### AIM OF THE EXERCISE
Print exactly the lines that run from the one containing "Vivendelfly (Xylocampa areola)" to the final line of the data, both included, and print none of the pictures.

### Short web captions
.....

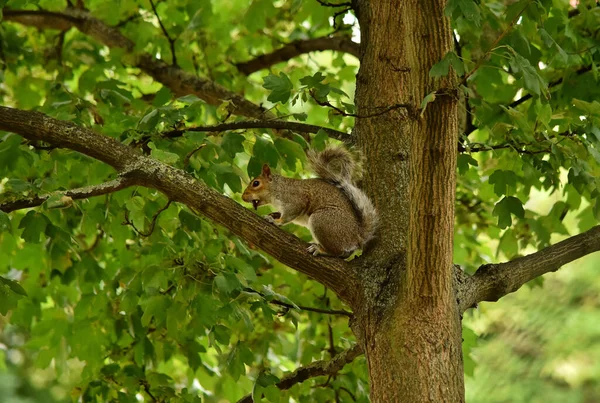 Invasive Eastern Gray Squirrel Gray Squirrel Sciurus Carolinensis Tree London — Fotografia de Stock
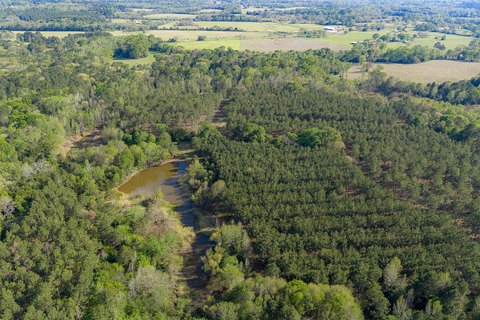 Timberland Tracts with Pond Sites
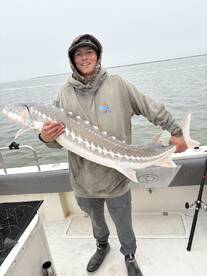 Berkeley Report Photo 1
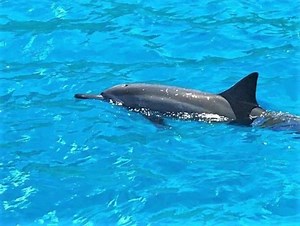 2.8K views · 545 reactions | 憧れのハワイで海のアイドルに出会える！？...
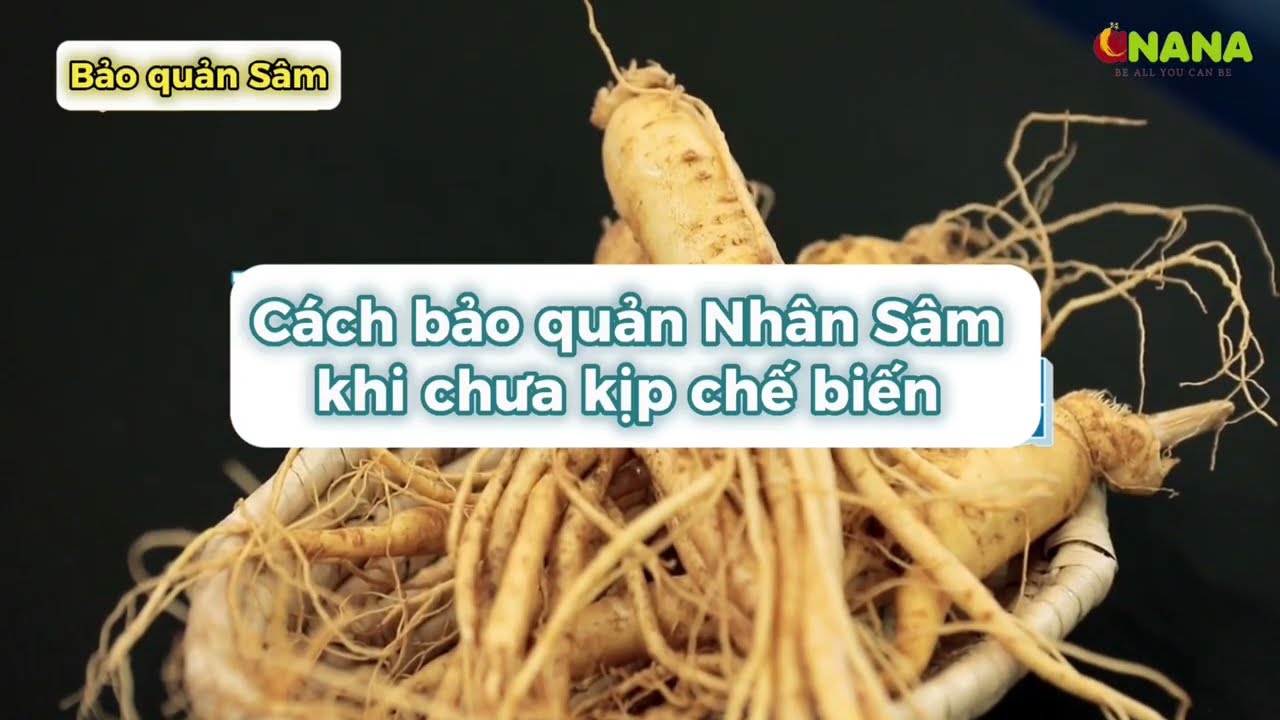Cách bảo quản sâm tươi được lâu - Giữ gìn sức khỏe và giá trị dinh dưỡng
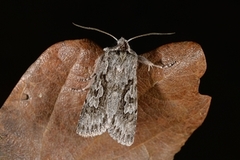 Vivendelfly (Xylocampa areola)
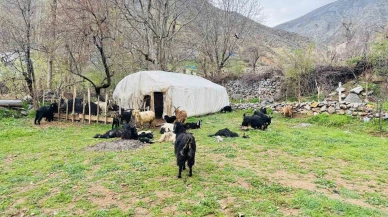 Sokak Köpeklerinin Ağıla Saldırdı: 18 Keçi Telef Oldu
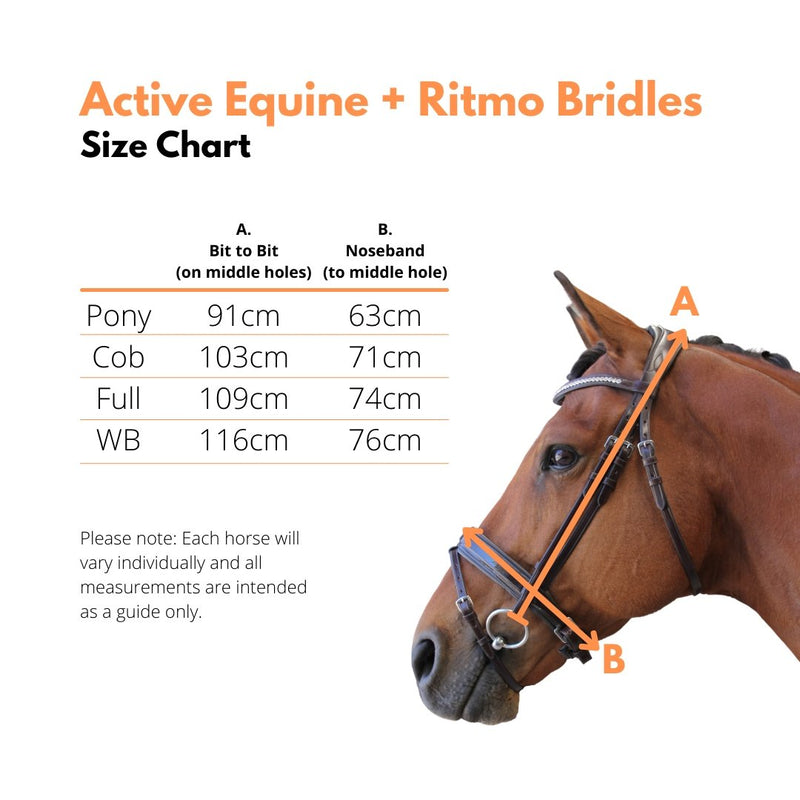Raised Leather Show Bridle + BONUS Bridle Bag | Active Equine - Active Equine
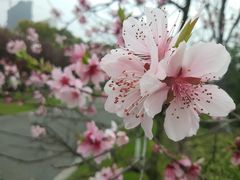 -九里河湿地公园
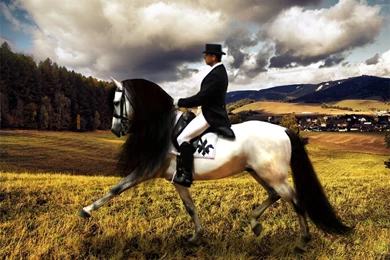 Horse Dressage Wallpaper Images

.....

### TASK ANSWER
 Vivendelfly (Xylocampa areola)
 Sokak Köpeklerinin Ağıla Saldırdı: 18 Keçi Telef Oldu
Raised Leather Show Bridle + BONUS Bridle Bag | Active Equine - Active Equine
 -九里河湿地公园
 Horse Dressage Wallpaper Images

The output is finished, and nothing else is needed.